Erster Lebenslagenbericht
So geht es wohnungslosen Menschen in Köln

Lesezeit 5 Minuten
Fast 400 wohnungslose Menschen schlafen auch in Köln oft draußen, in Parks oder an Straßen.

Fast 400 wohnungslose Menschen schlafen auch in Köln oft draußen, in Parks oder an Straßen.

Wie leben wohnungslose Menschen in Köln? Und wer bleibt über Jahre ohne Wohnung?

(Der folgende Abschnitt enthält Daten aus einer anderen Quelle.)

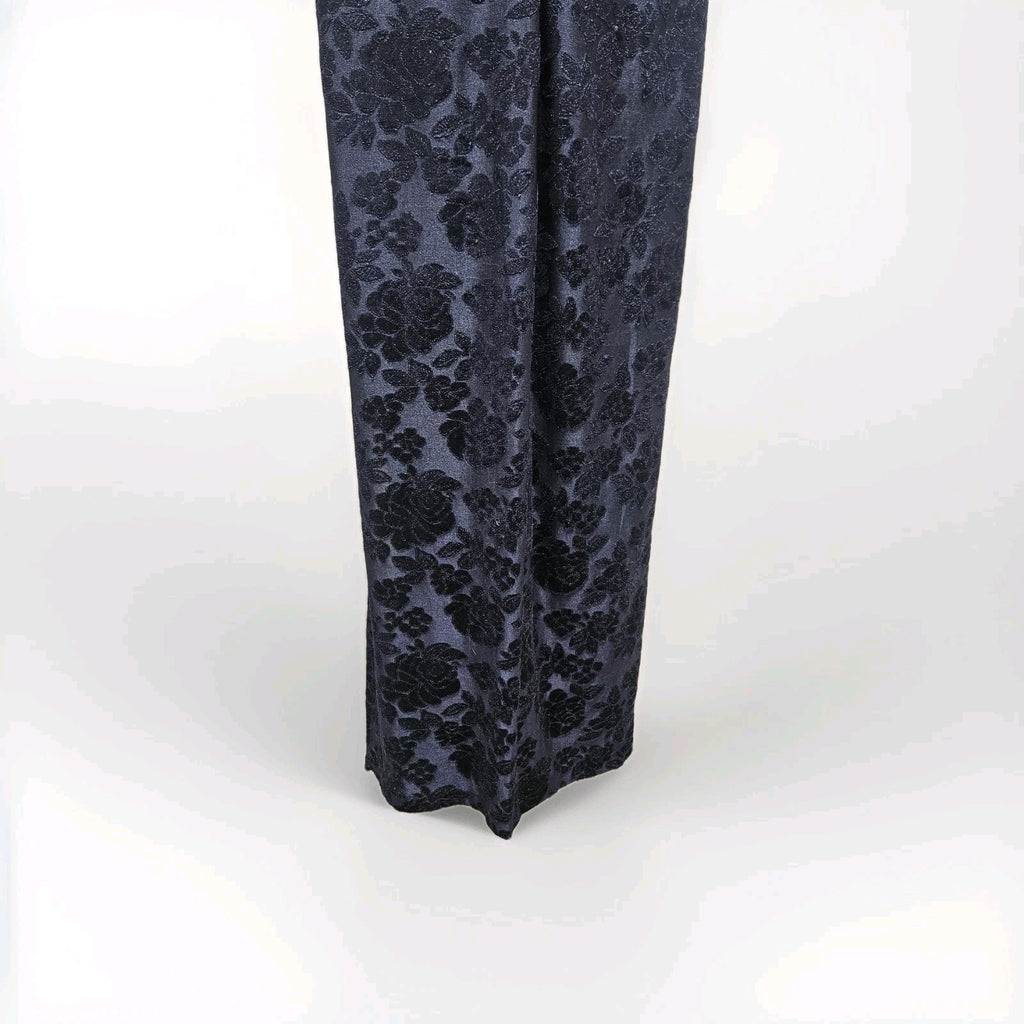 Vtg 90s Blondie & Me Navy High Neck Short-Sleeved Maxi Dress Gothic Floral Small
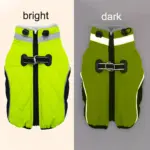 Fluorescent Green Dog Jacket for Cold Weather Wear with Zipper Closure – gallery image 6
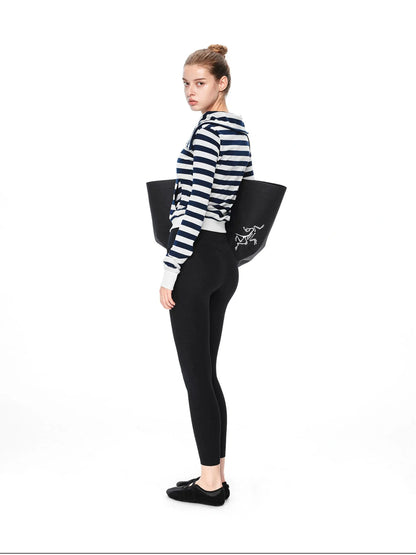 kvkv Asymmetric Stripe Hooded Sweatshirt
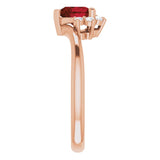 14K Gold Natural Mozambique Garnet & Natural Diamond Accented Heart Ring - Rose Gold - view 4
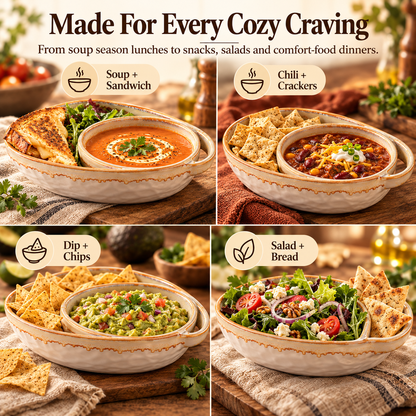 ✨ 2-in-1 Soup & Side Bowl – Cozy Meal Serving Set with Handle🥣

Ein Bericht von Sozialforschern gibt detailliert Auskunft.

Sie gehören zum Stadtbild — Kölner und Kölnerinnen, die ihre Schlafplätze im öffentlichen Raum haben und dort sichtbar sind. Doch sie machen nur einen kleinen Teil der wohnungslosen Menschen aus, die zur Vermeidung von Obdachlosigkeit etwa in Sozialhäusern, angemieteten Hotels oder Modulbauten der Stadt untergebracht sind. Über die Unterbringungszahlen hinaus gab es bisher keine fundierte Erhebung zur Heterogenität und Diversität obdach- und wohnungsloser Menschen in Köln, zu ihrem Alter, Geschlecht, ihrer sexuellen Orientierung und ihrer Staatsangehörigkeit. Deshalb hatte der Sozialausschuss der Stadt die Verwaltung im März 2022 beauftragt, Daten zur Lebenssituation obdachloser und wohnungsloser Menschen zu erheben. Der von „Gesellschaft für innovative Sozialforschung und Sozialplanung“ (GISS) erstellte Bericht, der die Situation Anfang 2023 aufzeigt, liegt jetzt vor.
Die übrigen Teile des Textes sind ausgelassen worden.